De personnages élancés à des silhouettes plus brutales, l'artiste trouve toute sa force dans les expressions de visage, où une paire de crocs acérés et des regards monstrueux suffisent à changer un personnage typique en monstre de roman, tandis que le Dracula en lui-même passe pour un méchant cousin de Doctor Strange, conditionné à des volutes de capes, des décors emplis d'ombres et de fumée et un éternel sourire figé au-dessus d'une barbiche de vilain pour rester menaçant. 

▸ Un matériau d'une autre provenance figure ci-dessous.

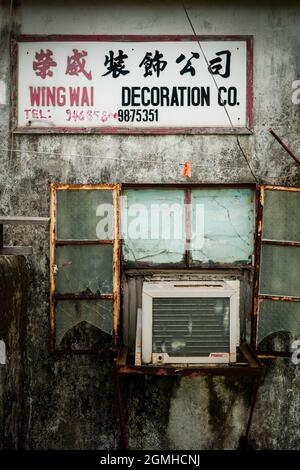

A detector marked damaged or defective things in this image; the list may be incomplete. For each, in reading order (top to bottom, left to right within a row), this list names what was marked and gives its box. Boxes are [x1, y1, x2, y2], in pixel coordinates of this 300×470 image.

broken window [50, 185, 119, 350]
rusty window frame [49, 184, 120, 352]
rusty window frame [252, 185, 300, 356]
broken window [254, 186, 300, 352] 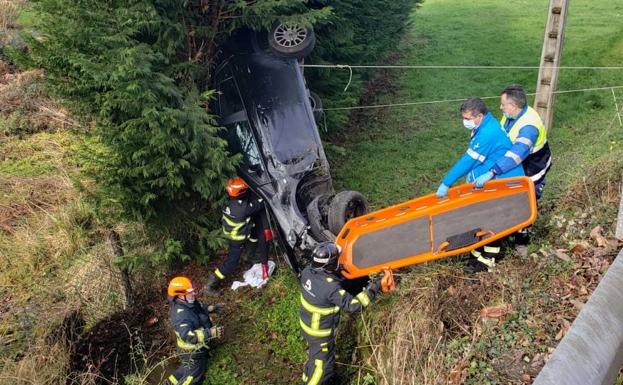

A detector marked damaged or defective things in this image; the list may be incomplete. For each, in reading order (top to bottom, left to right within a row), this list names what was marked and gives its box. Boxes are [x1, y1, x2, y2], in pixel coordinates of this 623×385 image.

overturned car [214, 24, 370, 272] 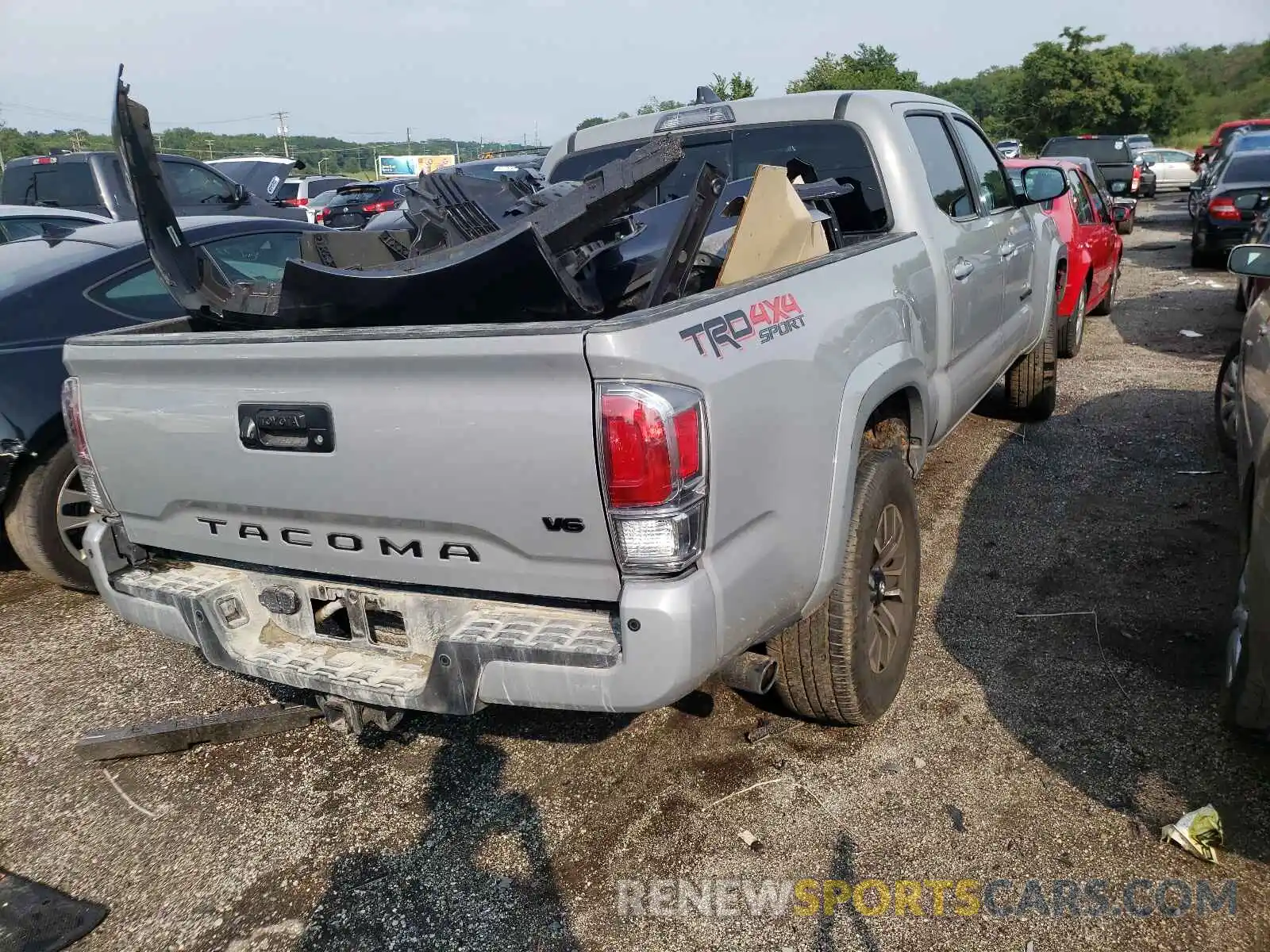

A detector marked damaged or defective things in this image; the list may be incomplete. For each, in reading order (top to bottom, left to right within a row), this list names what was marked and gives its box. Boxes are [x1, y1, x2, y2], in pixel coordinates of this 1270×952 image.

dented bumper [87, 523, 726, 716]
damaged toyota tacoma [62, 75, 1072, 726]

Si Le Tombeau de Dracula s'adresse d'abord aux collectionneurs, aux amateurs de ces raretés d'une ère perdue où Marvel s'intéressait à d'autres genres que ses habituels super-héros, il est tout aussi intéressant de voir le bouquin comme un témoin de la grande transition des idées de Stan Lee à Roy Thomas, avec, enfin, une place laissée à la part sombre des héros de BDs et à la mort, omniprésente. Hommage intéressant à la créature dans sa posture gothique comme à ses héritiers modernes, rangés avec le recul dans l'escarcelle du cinéma de série B, le volume répond à différentes obsessions d'une décennie polymorphe à mi-chemin entre les bouleversements sociaux, les dernières traces de contestation psychédélique et le retour des monstres de littérature. Premiers pas d'un jeune Marv Wolfman sur une série de longue haleine, avec un génie du dessin à son côté, Le Tombeau de Dracula reste l'une de ces lectures historiques importantes pour comprendre l'évolution des comics, à défaut d'avoir bien vieilli sur le plan du rythme et de la narration, charmante dans sa capacité à créer des motifs, épuisante dans son incapacité à ne pas se répéter.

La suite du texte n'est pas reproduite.